RPGs, XML documents, stuff, things

In Uncategorized on June 1, 2008 at 6:50 am

Going from my happy little web-based world (with forms and spans and whatnot, with C# on the backend and JavaScript handling the stuff in between) to the XAML/Silverlight world has been like switching classes in an RPG. Those of you familiar with role-playing games of any genre will know what I’m talking about. You get really used to playing a rogue or a warrior, and then all of a sudden you decide to try out a warlock or mage. The way you play is completely different from class to class.

So I’m not only dealing with XAML newbtasticness, but I’m also struggling due to the fact that Silverlight 2.0 just doesn’t yet have the same documentation/tutorialization/discussion board saturation level as more established (I don’t dare say “legacy” hehehe) technologies. It’s almost got a hobbyist feel to it, and I kinda like that.

Anyway, I’ve been avoiding the ‘light for the past week due to illness (pinkeye and strep simultaneously!) and becuase I couldn’t figure out how to do something that would be dead simple for me in regular C# winforms/asp.net…how to read an XML file and use its data.

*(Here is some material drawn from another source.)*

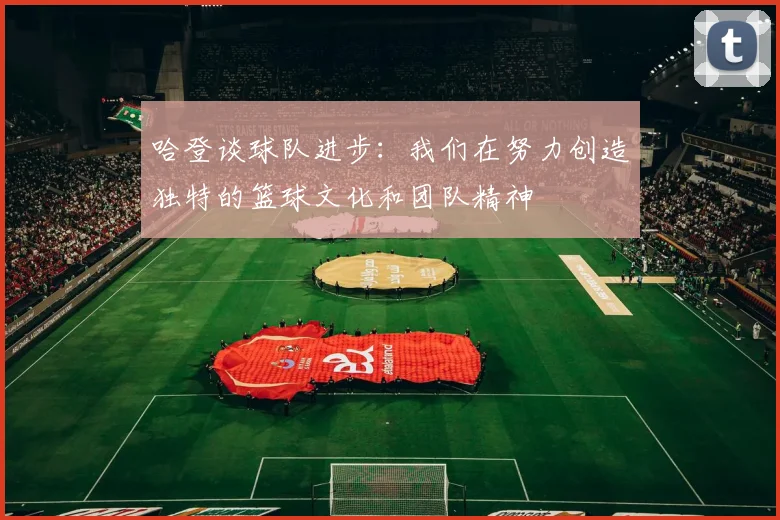 哈登谈球队进步：我们在努力创造独特的篮球文化和团队精神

After some rigorous searching I finally figured out the following:
1. How to stash an XML document into your Silverlight app the right way: Create the document in your project, then right-click on it, go to Properties and set the Build Action to “Embedded Resource”. Now your document will be neatly tucked away inside your code file when the user downloads it.

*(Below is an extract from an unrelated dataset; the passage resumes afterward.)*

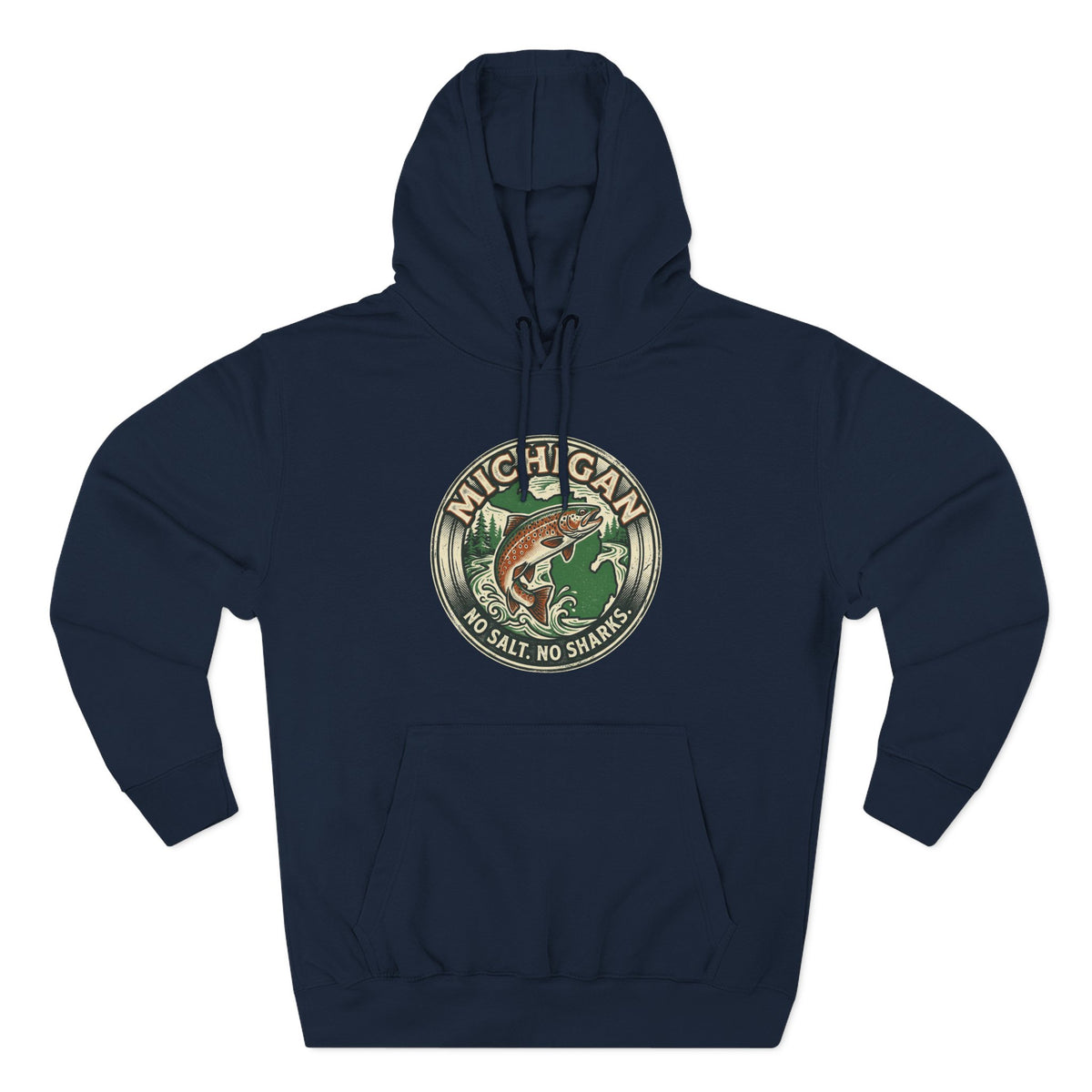 Michigan Fishing Badge Hoodie — No Salt, No Sharks Graphic Pullover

2. How to read said XML document: First off, you’ll need to add the System.Xml.Linq namespace to your References in your project. Then, make sure you add your “using System.Xml.Linq;” statement (or VB equivalent) in the file you want to do XML magic with. THEN…do this:

XmlReader rdr = XmlReader.Create(this.GetType().Assembly.GetManifestResourceStream(“YourApplication.YourFileName.xml”));

You’re creating an XmlReader that grabs the file that you tucked away inside the application. Of course, you might want to toss this into a using block so it cleans up better, but you get the idea.

THEN…create an XDocument (a fancy Linq XmlDocument) like this:

XDocument xdoc = XDocument.Load(rdr);

see how it loads the content of the reader? nifty.

THEN…use Linq to XML to grab the stuff you need out of the XML. I’m not gonna cover that on this post. ScottGu does that much better. Download his example app and study it.

The part that was driving me crazy with this was the whole XDocument thing. I read some articles that said XDocument wasn’t even supported in Silverlight! Maybe they meant v.1? Anyway, I finally saw ScottGu mention that you have to reference System.Xml.Linq, and there was much joy in my heart as I finally saw all the pieces fit together.

I realize that what would probably help alleviate some of my frustration would be to go through all the tutorials I come across step by step and build my knowledge before I start my own projects…but man, that bores the hell out of me.